◆ Exercise instructions ◆
All that is wanted is an exact copy of the line containing "Queen Elizabeth Then" and the lines after it, through the end of the records.

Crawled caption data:
----
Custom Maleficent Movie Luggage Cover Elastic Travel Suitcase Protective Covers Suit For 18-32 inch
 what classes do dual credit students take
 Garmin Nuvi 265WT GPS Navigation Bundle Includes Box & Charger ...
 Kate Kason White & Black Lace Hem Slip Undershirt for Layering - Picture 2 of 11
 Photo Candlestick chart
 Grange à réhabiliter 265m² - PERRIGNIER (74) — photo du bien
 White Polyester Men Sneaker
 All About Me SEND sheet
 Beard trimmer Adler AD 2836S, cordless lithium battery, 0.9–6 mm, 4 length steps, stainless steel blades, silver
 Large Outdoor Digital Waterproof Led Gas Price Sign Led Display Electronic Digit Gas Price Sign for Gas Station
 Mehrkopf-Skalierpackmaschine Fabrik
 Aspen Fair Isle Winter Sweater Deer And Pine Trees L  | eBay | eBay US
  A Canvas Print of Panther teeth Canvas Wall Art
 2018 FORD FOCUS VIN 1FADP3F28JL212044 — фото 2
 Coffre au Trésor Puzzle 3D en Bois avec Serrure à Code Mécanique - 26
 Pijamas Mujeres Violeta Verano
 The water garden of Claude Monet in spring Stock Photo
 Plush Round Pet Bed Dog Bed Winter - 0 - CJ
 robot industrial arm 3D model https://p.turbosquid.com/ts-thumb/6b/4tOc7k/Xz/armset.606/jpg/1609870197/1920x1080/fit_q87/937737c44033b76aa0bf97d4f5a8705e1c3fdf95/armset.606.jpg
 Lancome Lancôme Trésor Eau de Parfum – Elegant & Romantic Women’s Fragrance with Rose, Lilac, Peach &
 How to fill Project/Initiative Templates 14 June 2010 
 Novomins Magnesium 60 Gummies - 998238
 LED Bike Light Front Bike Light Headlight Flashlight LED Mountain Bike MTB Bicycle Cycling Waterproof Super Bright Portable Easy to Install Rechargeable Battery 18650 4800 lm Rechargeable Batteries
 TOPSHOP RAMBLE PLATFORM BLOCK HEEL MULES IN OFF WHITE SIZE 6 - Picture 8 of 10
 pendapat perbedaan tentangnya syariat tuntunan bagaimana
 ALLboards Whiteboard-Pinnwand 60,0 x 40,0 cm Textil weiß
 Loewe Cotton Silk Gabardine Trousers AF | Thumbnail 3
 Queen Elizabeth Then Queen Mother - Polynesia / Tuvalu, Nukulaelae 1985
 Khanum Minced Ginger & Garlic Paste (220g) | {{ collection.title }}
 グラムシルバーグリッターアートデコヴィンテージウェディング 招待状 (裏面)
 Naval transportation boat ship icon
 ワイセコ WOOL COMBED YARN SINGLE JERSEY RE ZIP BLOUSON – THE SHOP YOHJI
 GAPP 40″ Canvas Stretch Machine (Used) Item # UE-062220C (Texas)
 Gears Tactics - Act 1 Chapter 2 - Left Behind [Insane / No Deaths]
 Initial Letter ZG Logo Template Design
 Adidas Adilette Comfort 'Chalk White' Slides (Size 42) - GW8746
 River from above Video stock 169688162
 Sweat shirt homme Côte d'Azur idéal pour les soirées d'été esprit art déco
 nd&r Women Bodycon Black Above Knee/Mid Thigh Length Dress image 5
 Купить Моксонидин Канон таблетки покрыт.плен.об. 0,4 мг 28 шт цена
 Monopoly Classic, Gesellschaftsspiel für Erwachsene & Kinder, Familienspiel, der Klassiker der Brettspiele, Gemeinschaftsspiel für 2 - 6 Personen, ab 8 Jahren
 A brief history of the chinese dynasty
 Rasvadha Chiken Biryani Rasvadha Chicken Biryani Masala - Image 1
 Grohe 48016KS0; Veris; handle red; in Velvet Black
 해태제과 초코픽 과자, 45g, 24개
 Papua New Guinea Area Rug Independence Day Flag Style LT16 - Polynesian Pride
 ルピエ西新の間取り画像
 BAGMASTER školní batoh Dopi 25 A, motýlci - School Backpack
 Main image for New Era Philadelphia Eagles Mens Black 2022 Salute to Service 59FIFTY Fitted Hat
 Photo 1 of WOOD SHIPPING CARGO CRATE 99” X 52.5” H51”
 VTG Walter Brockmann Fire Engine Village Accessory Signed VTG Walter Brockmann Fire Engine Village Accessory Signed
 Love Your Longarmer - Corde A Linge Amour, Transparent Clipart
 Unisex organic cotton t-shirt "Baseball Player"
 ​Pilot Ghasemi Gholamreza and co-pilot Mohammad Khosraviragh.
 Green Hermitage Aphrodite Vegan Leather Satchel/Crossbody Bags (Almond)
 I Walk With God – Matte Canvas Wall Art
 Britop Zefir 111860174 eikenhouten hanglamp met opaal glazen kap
----
◆ Solution ◆
 Queen Elizabeth Then Queen Mother - Polynesia / Tuvalu, Nukulaelae 1985
 Khanum Minced Ginger & Garlic Paste (220g) | {{ collection.title }}
 グラムシルバーグリッターアートデコヴィンテージウェディング 招待状 (裏面)
 Naval transportation boat ship icon
 ワイセコ WOOL COMBED YARN SINGLE JERSEY RE ZIP BLOUSON – THE SHOP YOHJI
 GAPP 40″ Canvas Stretch Machine (Used) Item # UE-062220C (Texas)
 Gears Tactics - Act 1 Chapter 2 - Left Behind [Insane / No Deaths]
 Initial Letter ZG Logo Template Design
 Adidas Adilette Comfort 'Chalk White' Slides (Size 42) - GW8746
 River from above Video stock 169688162
 Sweat shirt homme Côte d'Azur idéal pour les soirées d'été esprit art déco
 nd&r Women Bodycon Black Above Knee/Mid Thigh Length Dress image 5
 Купить Моксонидин Канон таблетки покрыт.плен.об. 0,4 мг 28 шт цена
 Monopoly Classic, Gesellschaftsspiel für Erwachsene & Kinder, Familienspiel, der Klassiker der Brettspiele, Gemeinschaftsspiel für 2 - 6 Personen, ab 8 Jahren
 A brief history of the chinese dynasty
 Rasvadha Chiken Biryani Rasvadha Chicken Biryani Masala - Image 1
 Grohe 48016KS0; Veris; handle red; in Velvet Black
 해태제과 초코픽 과자, 45g, 24개
 Papua New Guinea Area Rug Independence Day Flag Style LT16 - Polynesian Pride
 ルピエ西新の間取り画像
 BAGMASTER školní batoh Dopi 25 A, motýlci - School Backpack
 Main image for New Era Philadelphia Eagles Mens Black 2022 Salute to Service 59FIFTY Fitted Hat
 Photo 1 of WOOD SHIPPING CARGO CRATE 99” X 52.5” H51”
 VTG Walter Brockmann Fire Engine Village Accessory Signed VTG Walter Brockmann Fire Engine Village Accessory Signed
 Love Your Longarmer - Corde A Linge Amour, Transparent Clipart
 Unisex organic cotton t-shirt "Baseball Player"
 ​Pilot Ghasemi Gholamreza and co-pilot Mohammad Khosraviragh.
 Green Hermitage Aphrodite Vegan Leather Satchel/Crossbody Bags (Almond)
 I Walk With God – Matte Canvas Wall Art
 Britop Zefir 111860174 eikenhouten hanglamp met opaal glazen kap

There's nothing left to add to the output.